Forty in silico hits were later identified in a prospective screening experiment. Four of them were acquired and submitted to experimental confirmation via patch clamp: three of these candidates, Eltrombopag, Sufugolix, and Glesatinib, showed blocking effects on NaV1.2 currents, although no subtype selectivity was observed. The different predictive abilities of the NaV1.1 and NaV1.2 models may be attributed to the different sizes of the datasets used to train and validate the respective models.

Abstract Image

查看原文本刊更多论文

寻找选择性钠通道阻滞剂的硅筛选：当尺寸重要时。

德拉韦综合征是一种严重的儿童耐药癫痫。这种情况的主要病因与SCN1A基因内的新生突变有关，该基因编码NaV1.1钠通道的α亚基。这种功能障碍导致gaba能中间神经元的低兴奋性。反过来，gaba能中间神经元的电兴奋性丧失导致许多神经回路中兴奋超过抑制的不平衡。值得注意的是，当非选择性钠通道阻滞剂用于德拉韦患者时，观察到症状加重。最近在Dravet动物模型中的研究强调了高特异性钠通道阻滞剂的潜力，这些阻滞剂能够阻断其他钠通道亚型而不抑制NaV1.1电流和NaV1.1的选择性激活剂作为缓解Dravet综合征症状的可行治疗策略。在这里，我们描述了基于配体的机器学习模型的开发和验证，以识别对钠通道异构体NaV1.1和NaV1.2具有抑制作用的配体。这些模型是基于内部开源程序和莫德雷德分子描述符建立的。首先，使用特征bagging和正向逐步选择相结合来推断线性分类器。其次，应用集成学习构建预测能力提高的元分类器，并通过回顾性筛选实验对其性能进行检验。经过计算机验证后，这些模型被应用于筛选药物再利用的机会，在DrugBank和drug repurposing Hub数据库中，以确定没有NaV1.1阻断活性的NaV1.2选择性阻断剂，作为治疗Dravet综合征的潜在化合物。后来在前瞻性筛选实验中确定了40个硅命中。其中四种药物通过膜片钳获得并提交实验确认：其中三种候选药物，Eltrombopag， Sufugolix和Glesatinib，显示出对NaV1.2电流的阻断作用，尽管没有观察到亚型选择性。NaV1.1和NaV1.2模型的不同预测能力可能归因于用于训练和验证各自模型的数据集的不同大小。
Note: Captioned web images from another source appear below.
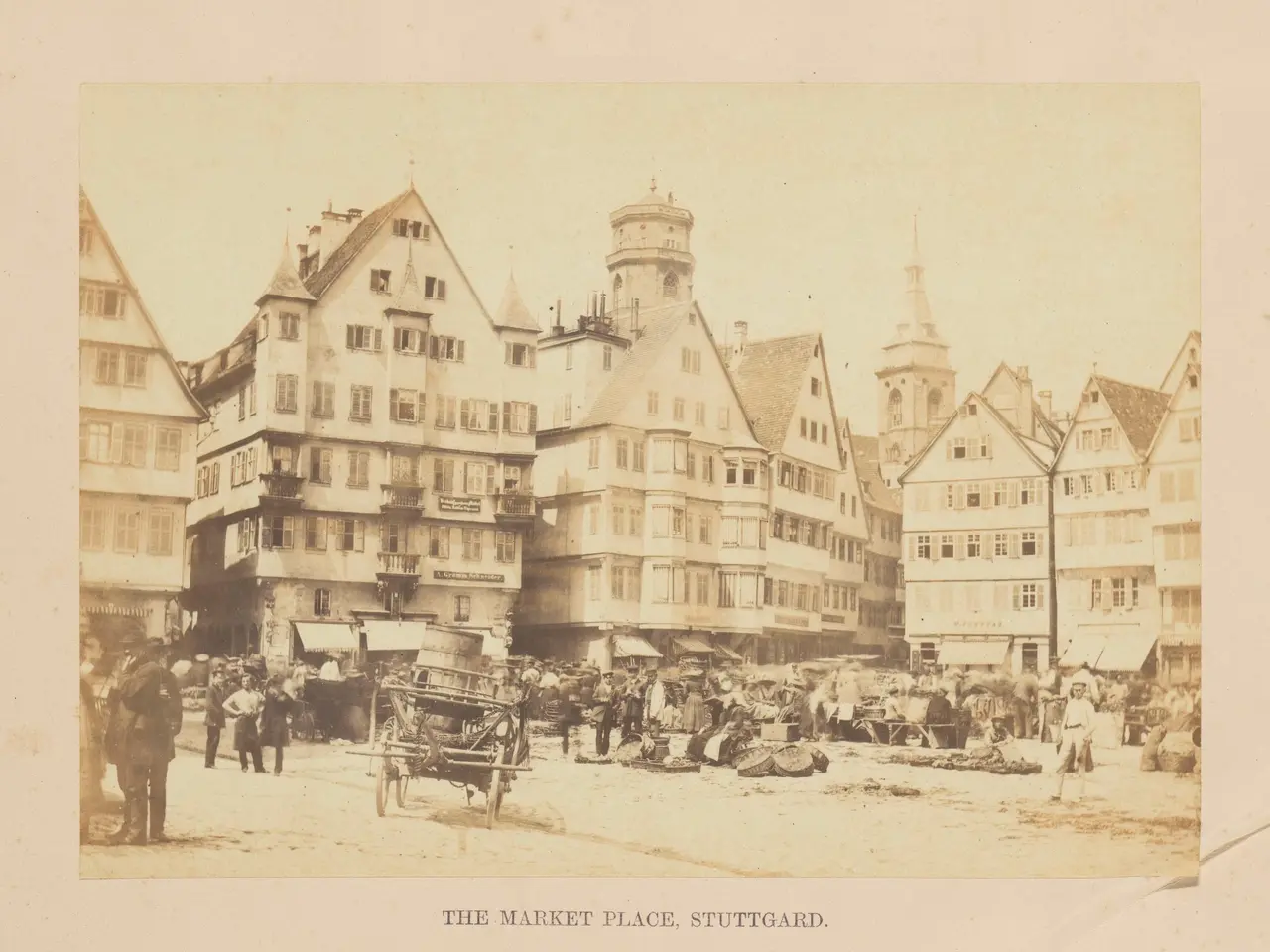 The image shows an old photo of a bustling market place in Stuttgart, Germany. There are many...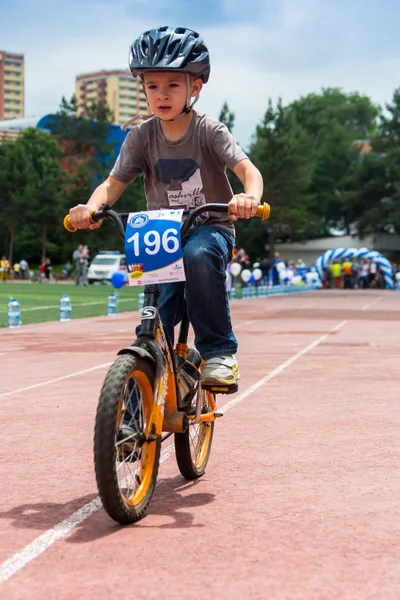 Kazachstan, Alma-Ata - 11 juni 2017: Childrens wedstrijden fietsen Tour de kinderen. Kinderen van 2 tot en met 7 jaar oud concurreren in het stadion en prijzen ontvangen. Portret van een leuke jongen op fiets — Stockfoto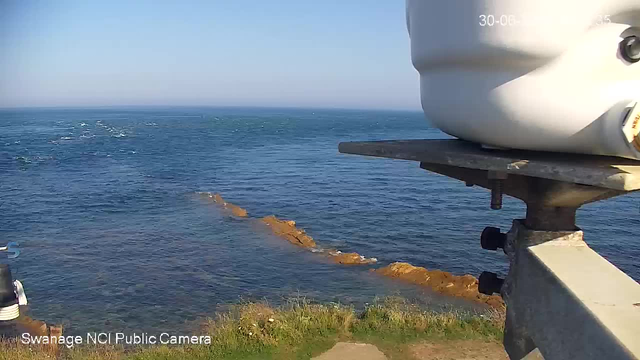 A view of the ocean with a rocky outcrop extending into the water, seen from a webcam mounted on a platform. The water is calm with gentle waves, and the sky is clear and blue. The corner of a white lighthouse or similar structure is visible on the right side of the image. The image has a timestamp in the top right corner and a label at the bottom left that reads "Swanage NCI Public Camera."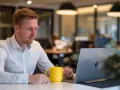 Mężczyzna z kubkiem kawy zastanawia się, dlaczego internet wolno chodzi, patrząc na ekran laptopa w biurze.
本文章由计算机程序翻译，如有差异，请以英文原文为准。

求助全文

约1分钟内获得全文求助全文

来源期刊

Brain Research 医学-神经科学

CiteScore

5.90

自引率

3.40%

发文量

268

审稿时长

47 days

期刊介绍： An international multidisciplinary journal devoted to fundamental research in the brain sciences. Brain Research publishes papers reporting interdisciplinary investigations of nervous system structure and function that are of general interest to the international community of neuroscientists. As is evident from the journals name, its scope is broad, ranging from cellular and molecular studies through systems neuroscience, cognition and disease. Invited reviews are also published; suggestions for and inquiries about potential reviews are welcomed. With the appearance of the final issue of the 2011 subscription, Vol. 67/1-2 (24 June 2011), Brain Research Reviews has ceased publication as a distinct journal separate from Brain Research. Review articles accepted for Brain Research are now published in that journal.